10. 1990 Testimony of Nayirah:
A 15-year-old girl named “Nayirah” testified before the U.S. Congress that she had seen Iraqi soldiers pulling Kuwaiti babies from incubators, causing them to die. The testimony helped gain major public support for the 1991 Gulf War, but — despite protests that the dispute of this story was itself a conspiracy theory — it was later discovered that the testimony was false. The public relations firm Hill & Knowlton, which was in the employ of Citizens for a Free Kuwait, had arranged the testimony. It turned out that she had taken acting lessons on request of the CIA and was actually the niece of a major politician in Kuwait. Nayirah was later disclosed to be Nayirah al-Sabah, daughter of Saud bin Nasir Al-Sabah, Kuwaiti ambassador to the USA. The Congressional Human Rights Caucus, of which Congressman Tom Lantos was co-chairman, had been responsible for hosting Nurse Nayirah, and thereby popularizing her allegations. When the girl's account was later challenged by independent human rights monitors, Lantos replied, "The notion that any of the witnesses brought to the caucus through the Kuwaiti Embassy would not be credible did not cross my mind... I have no basis for assuming that her story is not true, but the point goes beyond that. If one hypothesizes that the woman's story is fictitious from A to Z, that in no way diminishes the avalanche of human rights violations." Nevertheless, the senior Republican on the Human Rights Caucus, John Edward Porter, responded to the revelations "by saying that if he had known the girl was the ambassador's daughter, he would not have allowed her to testify."

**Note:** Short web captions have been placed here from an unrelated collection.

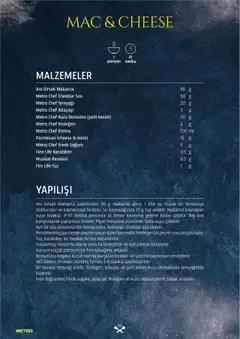 06.10.2025 tarihinden itibaren geçerli olan Metro kataloğu önizlemesi | Sayfa: 56 | Ürünler: Domates, Karabiber, Su, Sos
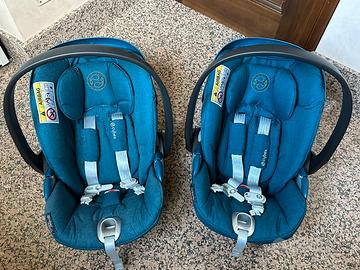 Seggiolino Cybex Cloud-z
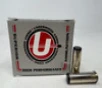 Underwood 38 Special Ammunition UW732 150 Grain Lead Wadcutter Cherry Coated Hard Cast 20 Rounds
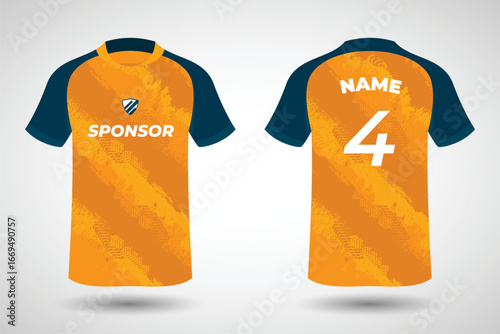 Wallpaper Mural Jersey Design, Soccer Jersey Pattern Design, Sublimation T Shirt, Football Soccer Kit, Basketball Jersey, Spott Suit, Ready Print File, Design Jersey yellow Torontodigital.ca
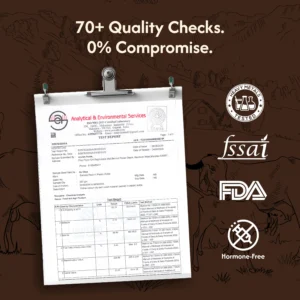 A2 Gir Cow Desi Ghee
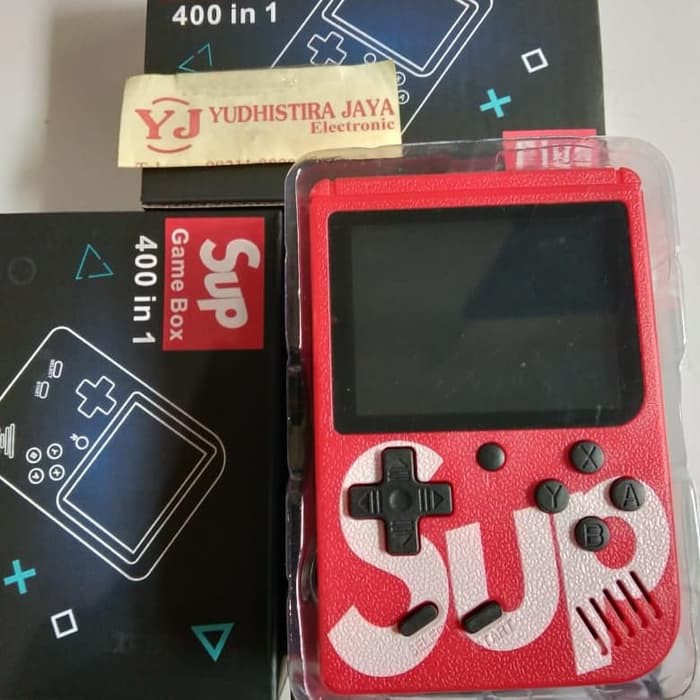 gameboy retro console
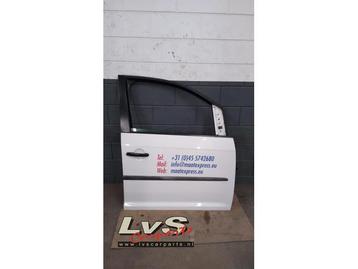 Portier 2Deurs rechts van een Volkswagen Caddy (LB9A) beschikbaar voor biedingen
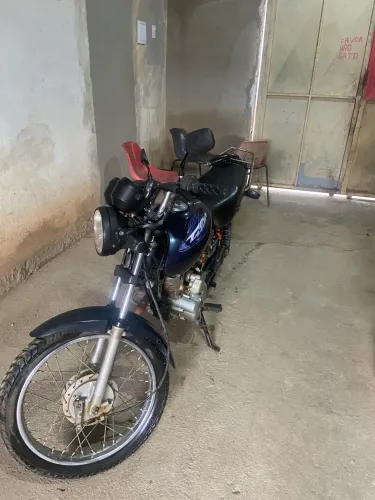 Cg 125 titan ks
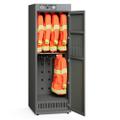 Armoire de s�chage � air chaud 8 vestes et pantalons de travail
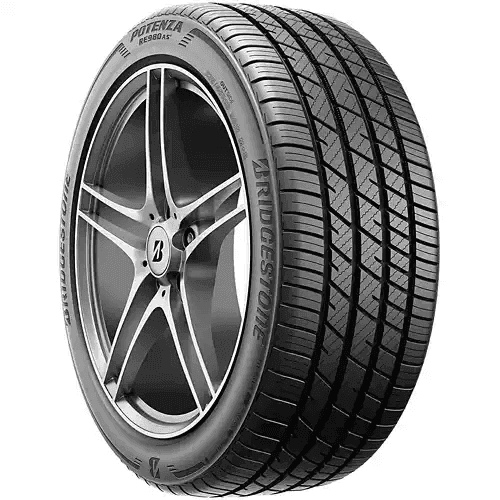Bridgestone Potenza RE980AS plus Tire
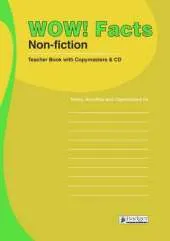 Wow! Facts (L) Teacher Book & CD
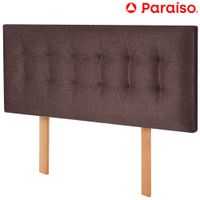 Cabecera PARAISO Novo Queen Chocolate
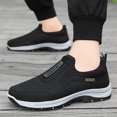 thumbnail image 3 of 2025 Chaussures Décontractées pour Hommes Chaussures pour Hommes Automne Chaussures Décontractées pour Hommes Taille 12 Nouvelles Bout Rond Polyvalentes Chaussures Décontractées pour Hommes Taille 14 Chaussures de Randonnée Semelles Souples Version Coréenne Légères, 3 of 7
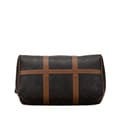 Miniatyrbillede 4 af 10: Pre-owned Dior Honeycomb Boston Bag Black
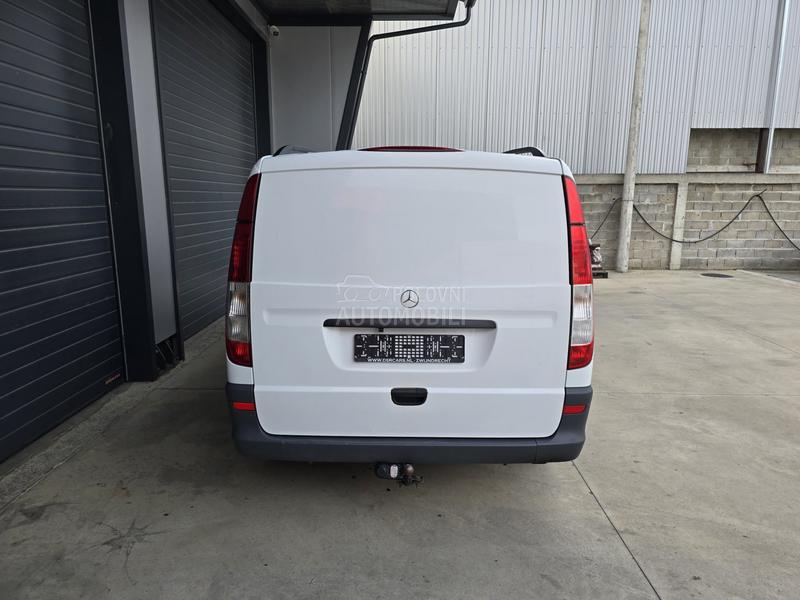 Mercedes Benz Vito CDI DUPLA KABINA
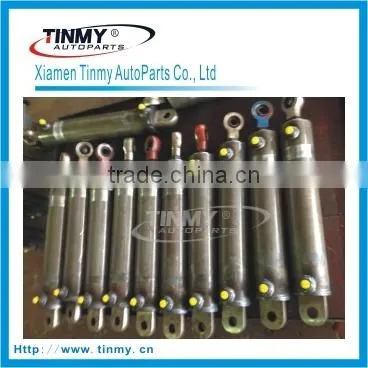 Welding assembling for hydraulic cylinder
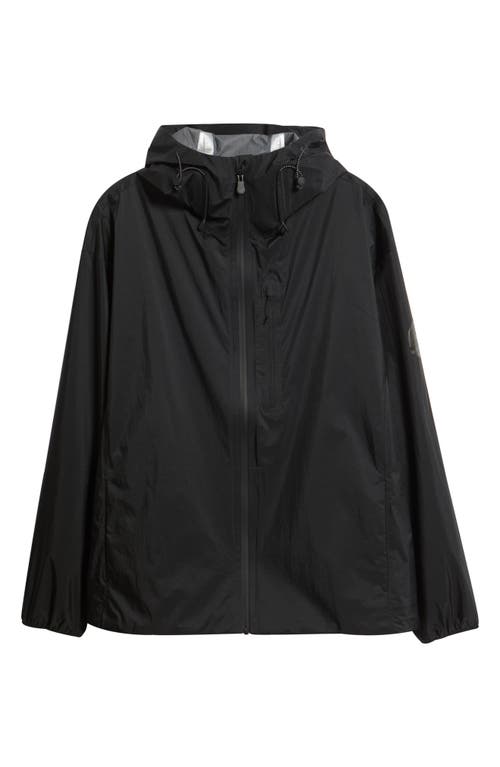 Save The Duck Jari Water Resistant Hooded Jacket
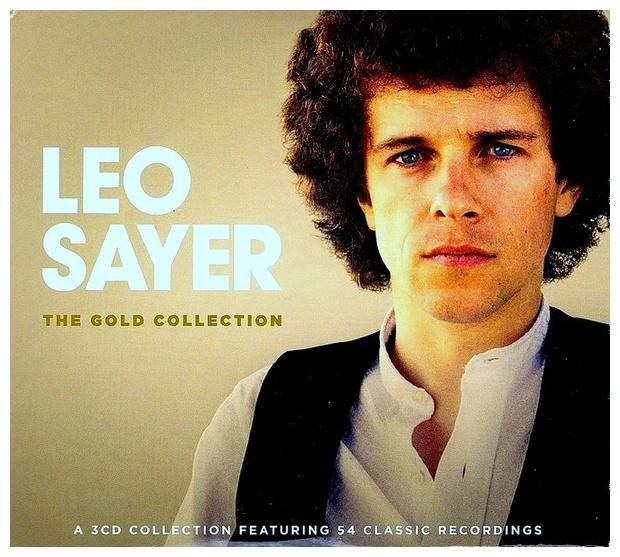 LEO SAYER - THE GOLD COLLECTION (3CD)(DIGIPACK) | CD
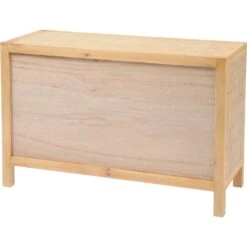 Toba Natural Rattan And Cane Two Door Cabinet -Dining Tables Sales toba natural rattan and cane two door cabinet p85286 183384 zoom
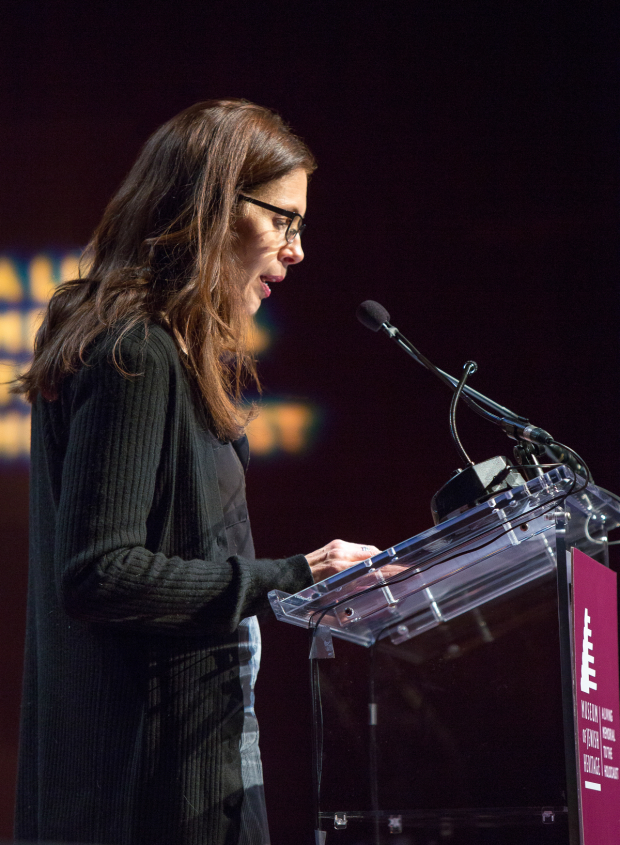 Jessica Hecht reads from Elie Wiesel&#39;s Night.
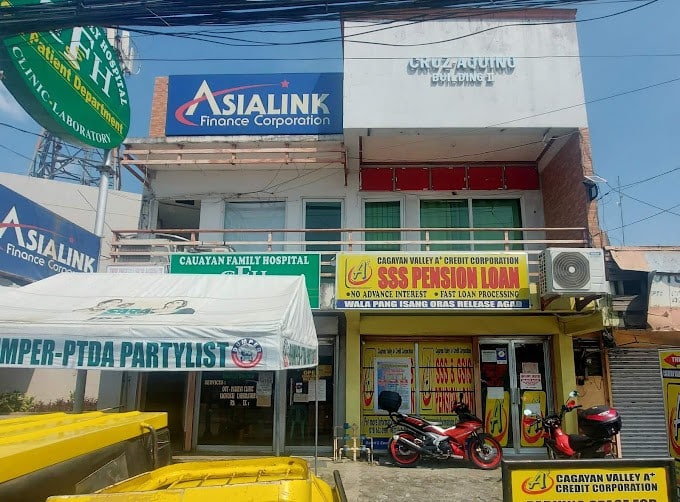Photo of Asialink Cauayan branch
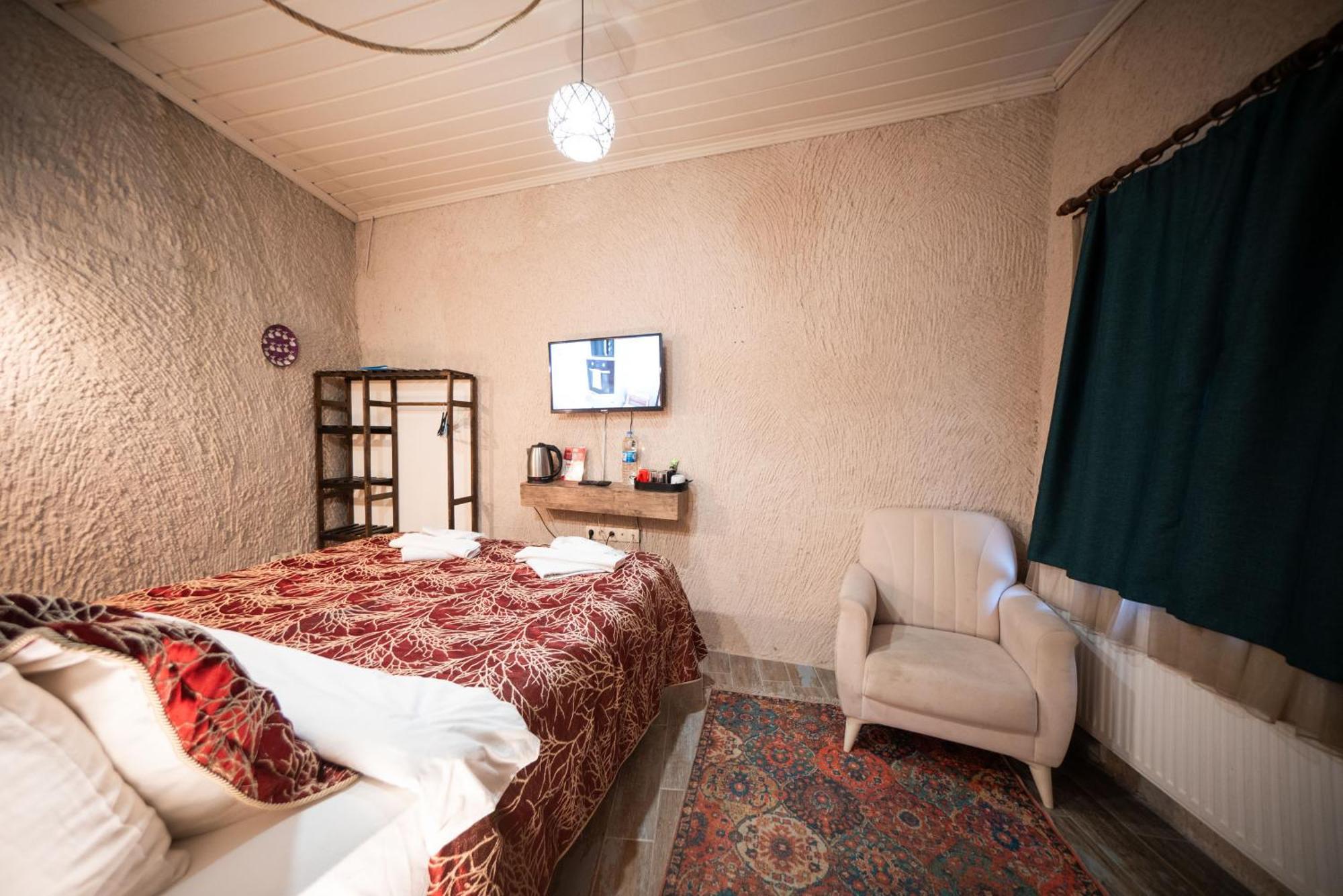 Adelya Cave Hotel Goreme Quarto foto
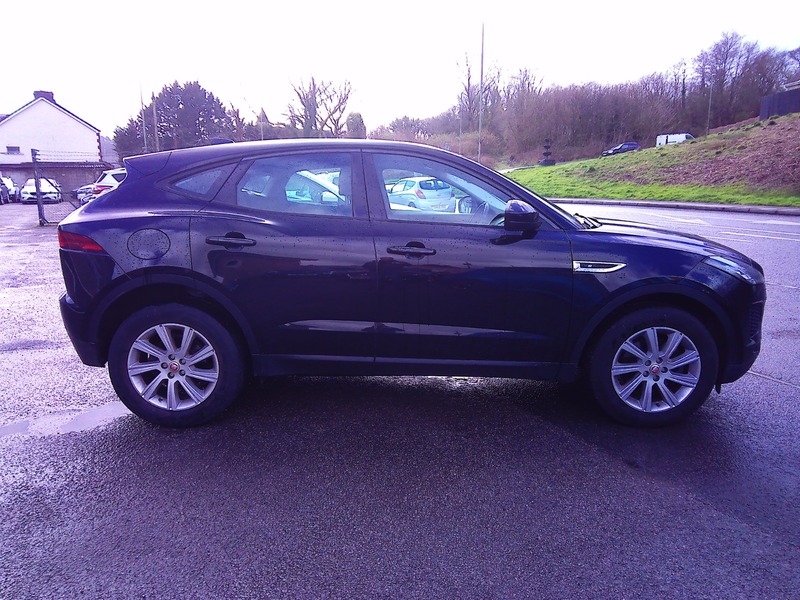 Used Jaguar E-Pace 2018 for sale - 77880735: Photo 5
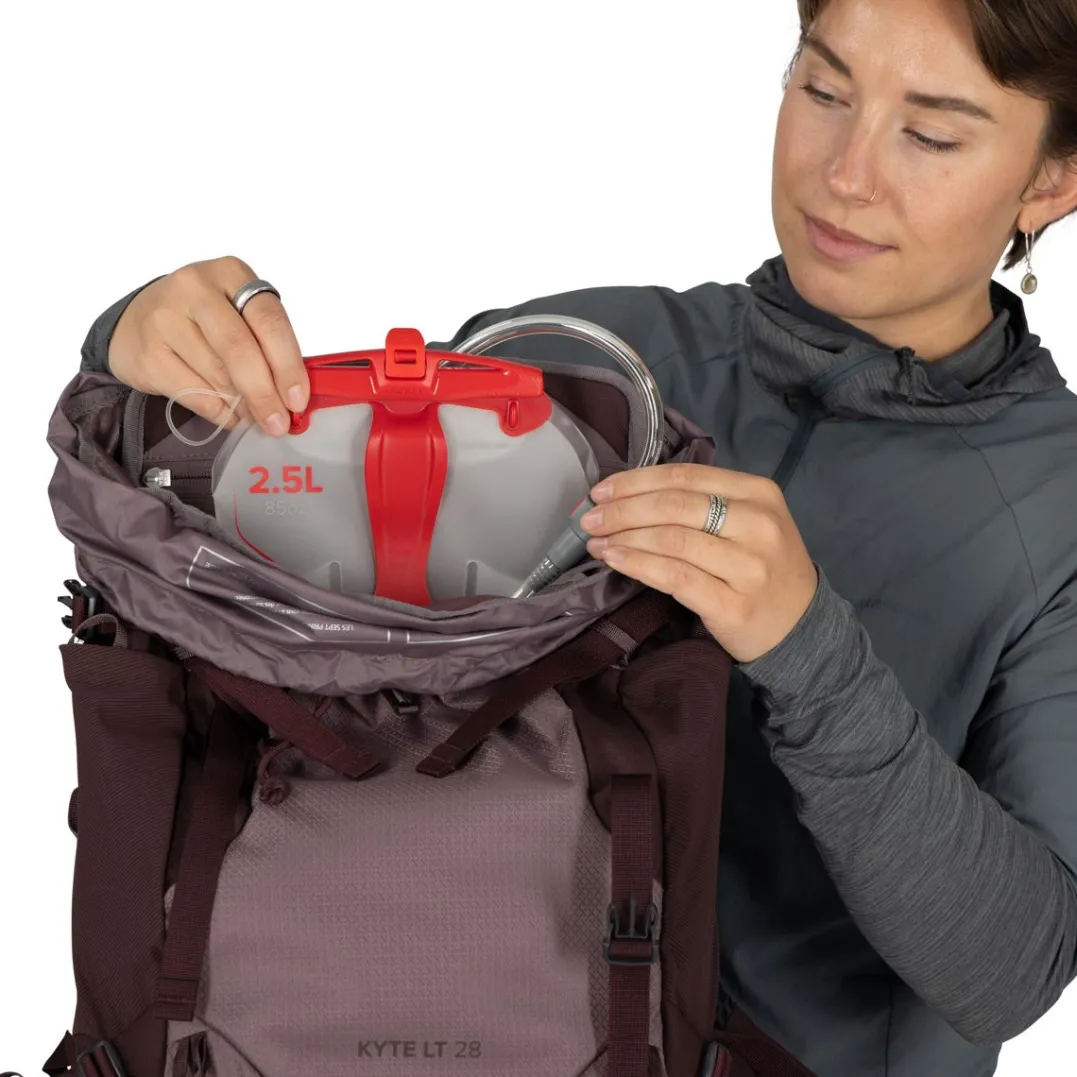 Osprey Women's Kyte LT 28 Cascade Blue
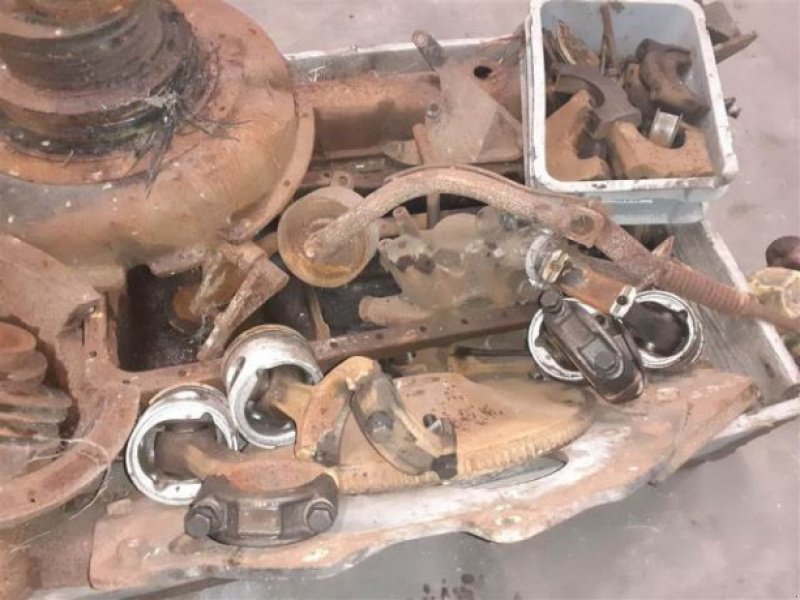 Motor und Motorteile типа Ford 678HTA, Gebrauchtmaschine в Hemmet (Фотография 8)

11. Counter Intelligence Programs Against Activists in the 60s:
COINTELPRO (an acronym for Counter Intelligence Program) was a series of covert, and often illegal, projects conducted by the United States Federal Bureau of Investigation (FBI) aimed at investigating and disrupting dissident political organizations within the United States. The FBI used covert operations from its inception, however formal COINTELPRO operations took place between 1956 and 1971. The FBI's stated motivation at the time was "protecting national security, preventing violence, and maintaining the existing social and political order." According to FBI records, 85% of COINTELPRO resources were expended on infiltrating, disrupting, marginalizing, and/or subverting groups suspected of being subversive, such as communist and socialist organizations; the women's rights movement; militant black nationalist groups, and the non-violent civil rights movement, including individuals such as Martin Luther King, Jr. and others associated with the Southern Christian Leadership Conference, the National Association for the Advancement of Colored People, the Congress of Racial Equality, the American Indian Movement, and other civil rights groups; a broad range of organizations labeled "New Left", including Students for a Democratic Society, the National Lawyers Guild, the Weathermen, almost all groups protesting the Vietnam War, and even individual student demonstrators with no group affiliation; and nationalist groups such as those "seeking independence for Puerto Rico." The other 15% of COINTELPRO resources were expended to marginalize and subvert "white hate groups," including the Ku Klux Klan and National States' Rights Party. The directives governing COINTELPRO were issued by FBI Director J. Edgar Hoover, who ordered FBI agents to "expose, disrupt, misdirect, discredit, or otherwise neutralize" the activities of these movements and their leaders.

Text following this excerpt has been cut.